Exercise brief —
Every line from the line containing "7-piece Wood Patio Dining Set I895297" through the final line below is to be repeated exactly; no other line is.

Records to process —
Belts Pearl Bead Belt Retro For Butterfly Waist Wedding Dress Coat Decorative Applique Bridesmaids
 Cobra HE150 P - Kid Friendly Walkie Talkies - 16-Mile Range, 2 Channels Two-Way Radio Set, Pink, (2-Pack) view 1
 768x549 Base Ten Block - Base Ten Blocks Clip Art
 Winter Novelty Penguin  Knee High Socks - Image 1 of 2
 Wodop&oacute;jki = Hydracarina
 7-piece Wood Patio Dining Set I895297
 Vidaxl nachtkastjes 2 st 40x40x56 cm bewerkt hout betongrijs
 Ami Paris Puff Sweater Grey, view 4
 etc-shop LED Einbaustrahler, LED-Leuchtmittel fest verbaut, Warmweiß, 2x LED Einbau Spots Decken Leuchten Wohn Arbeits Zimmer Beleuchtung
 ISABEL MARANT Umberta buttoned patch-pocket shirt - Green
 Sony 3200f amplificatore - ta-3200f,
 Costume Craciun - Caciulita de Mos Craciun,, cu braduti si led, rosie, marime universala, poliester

Response area —
 7-piece Wood Patio Dining Set I895297
 Vidaxl nachtkastjes 2 st 40x40x56 cm bewerkt hout betongrijs
 Ami Paris Puff Sweater Grey, view 4
 etc-shop LED Einbaustrahler, LED-Leuchtmittel fest verbaut, Warmweiß, 2x LED Einbau Spots Decken Leuchten Wohn Arbeits Zimmer Beleuchtung
 ISABEL MARANT Umberta buttoned patch-pocket shirt - Green
 Sony 3200f amplificatore - ta-3200f,
 Costume Craciun - Caciulita de Mos Craciun,, cu braduti si led, rosie, marime universala, poliester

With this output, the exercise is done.